**Exercise aim:** Below are some records; copy them word for word and drop the pictures.
┌──
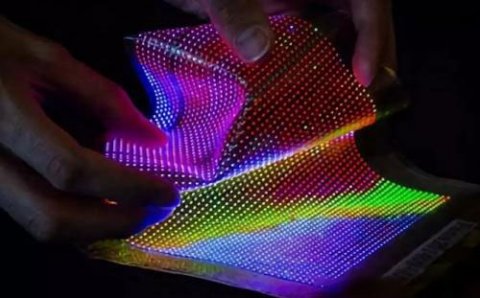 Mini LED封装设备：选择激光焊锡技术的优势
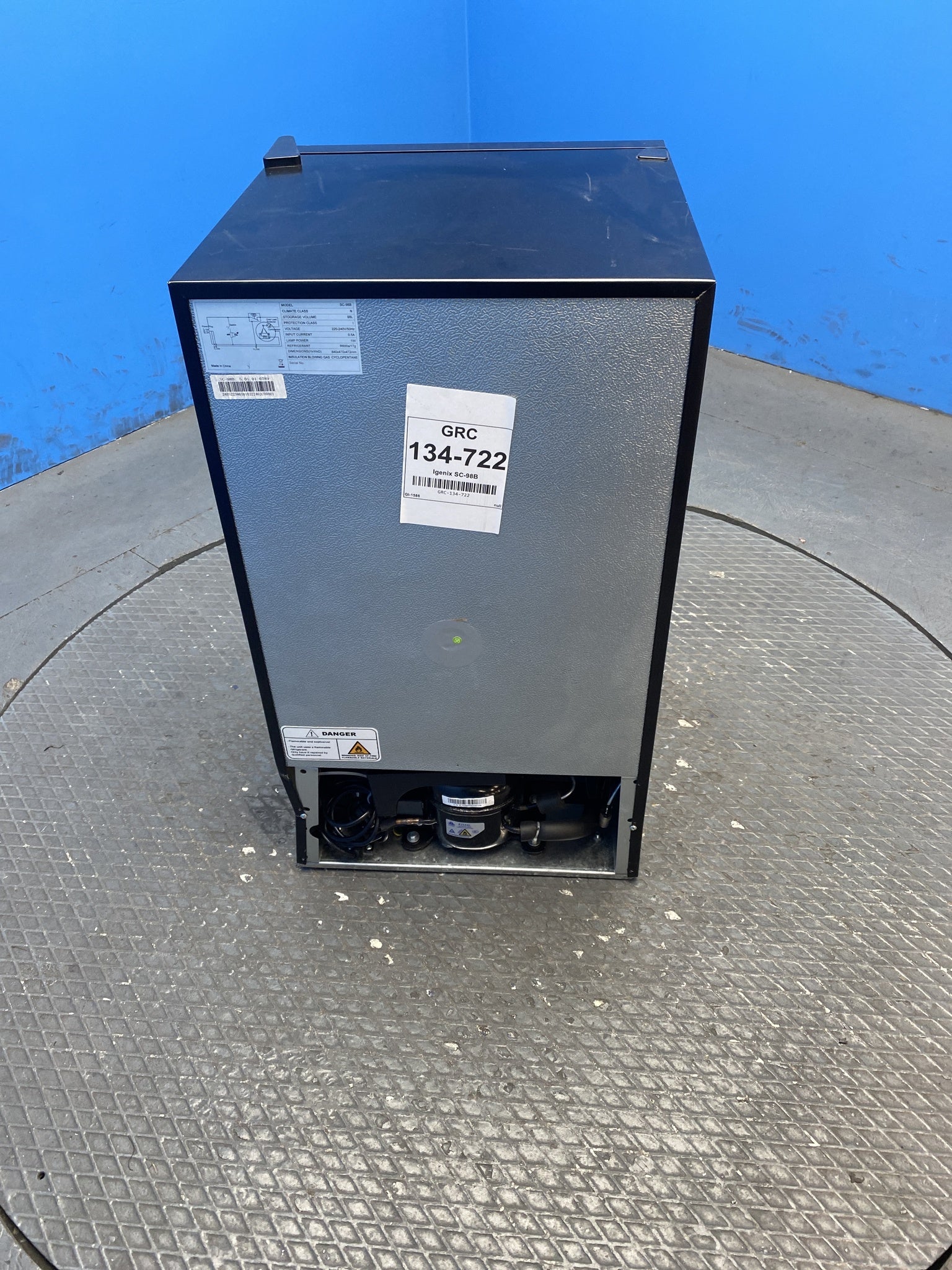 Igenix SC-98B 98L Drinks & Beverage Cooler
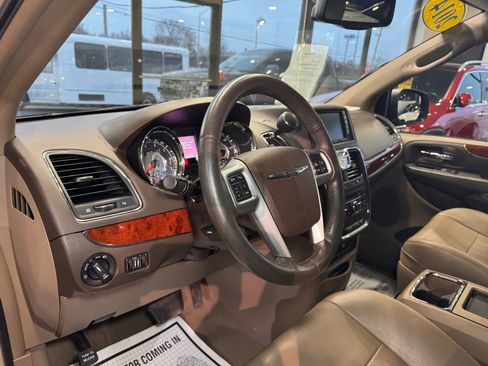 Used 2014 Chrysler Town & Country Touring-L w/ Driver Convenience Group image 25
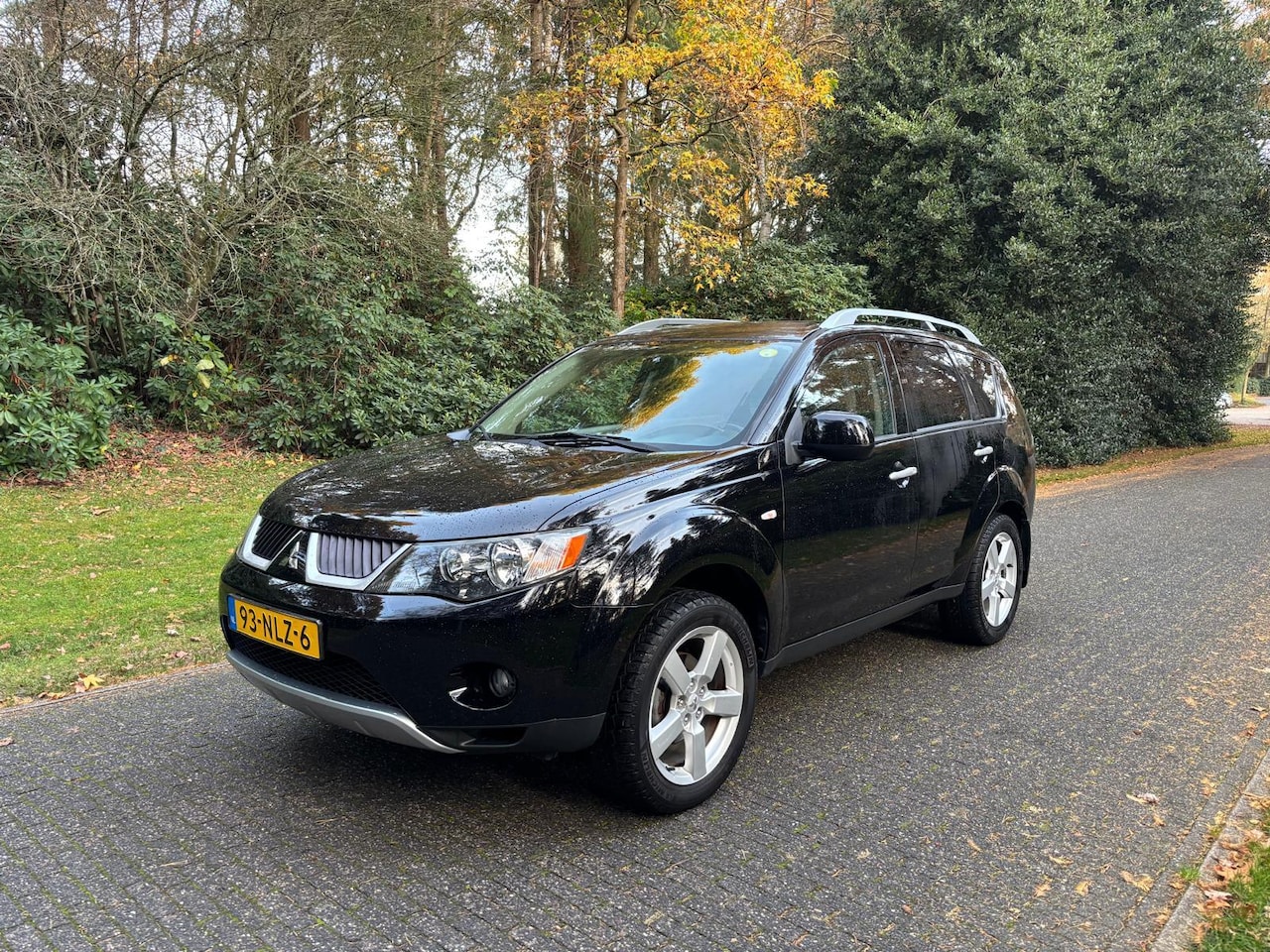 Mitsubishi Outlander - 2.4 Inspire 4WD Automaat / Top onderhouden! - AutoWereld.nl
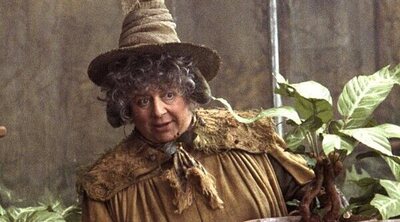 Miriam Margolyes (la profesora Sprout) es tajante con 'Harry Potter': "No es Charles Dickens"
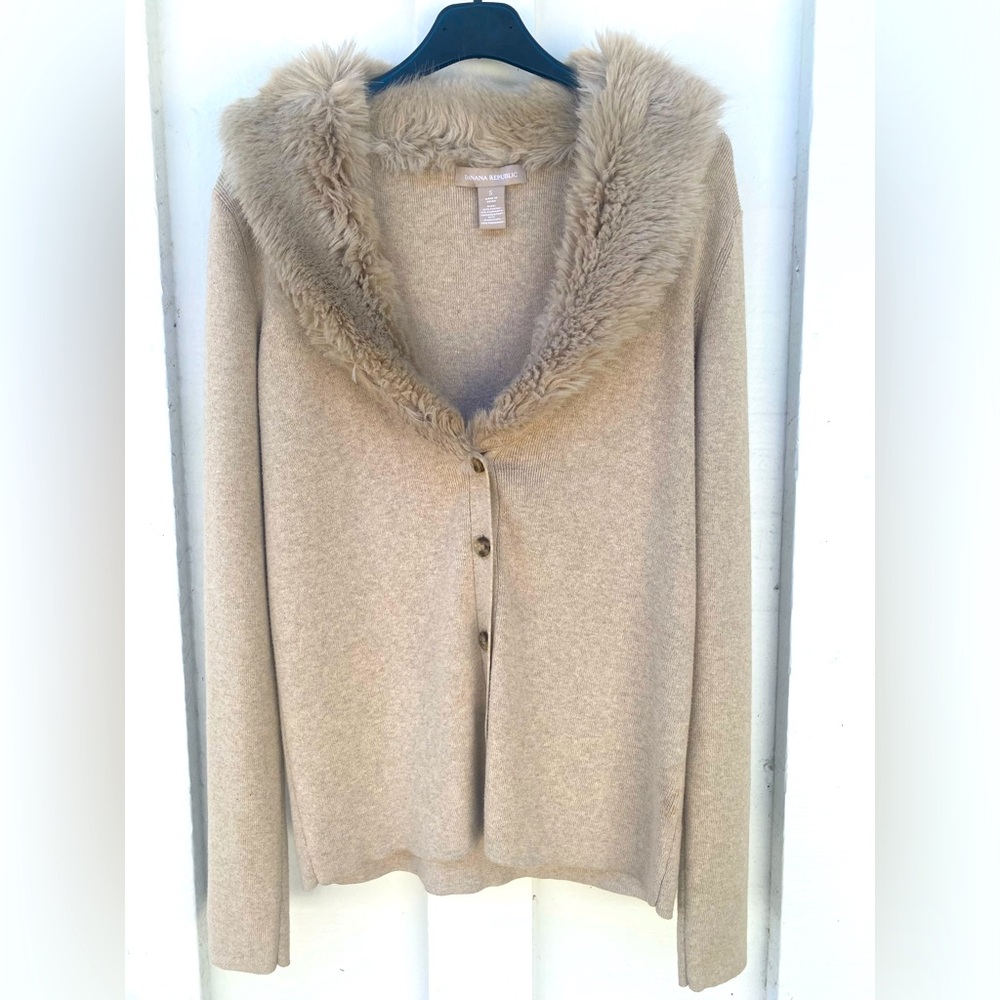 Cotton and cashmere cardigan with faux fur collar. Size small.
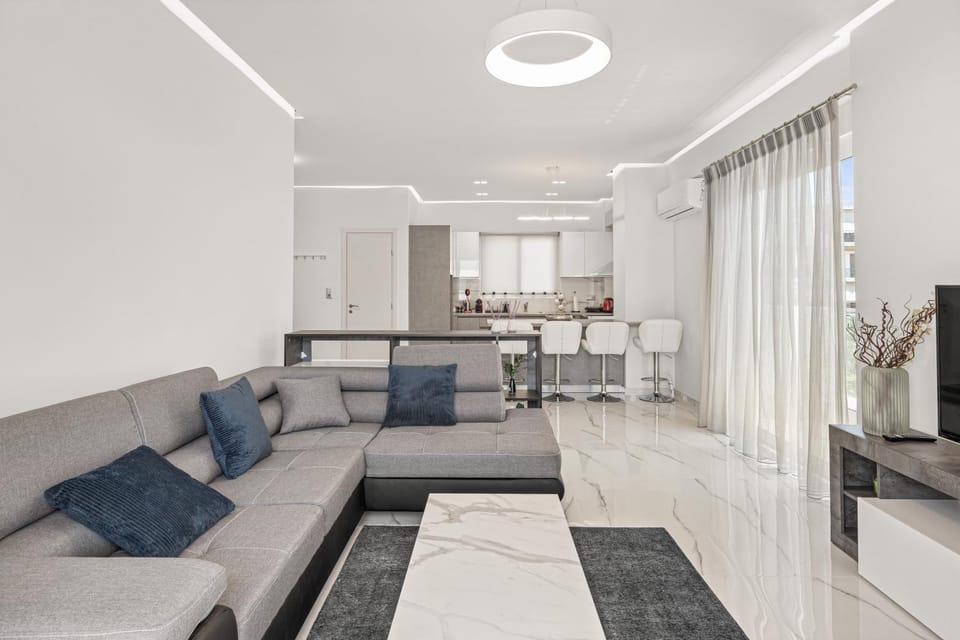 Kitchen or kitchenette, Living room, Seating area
└──
**Result for this task:**
 Mini LED封装设备：选择激光焊锡技术的优势
 Igenix SC-98B 98L Drinks & Beverage Cooler
 Used 2014 Chrysler Town & Country Touring-L w/ Driver Convenience Group image 25
 Mitsubishi Outlander - 2.4 Inspire 4WD Automaat / Top onderhouden! - AutoWereld.nl
 Miriam Margolyes (la profesora Sprout) es tajante con 'Harry Potter': "No es Charles Dickens"
 Cotton and cashmere cardigan with faux fur collar. Size small.
 Kitchen or kitchenette, Living room, Seating area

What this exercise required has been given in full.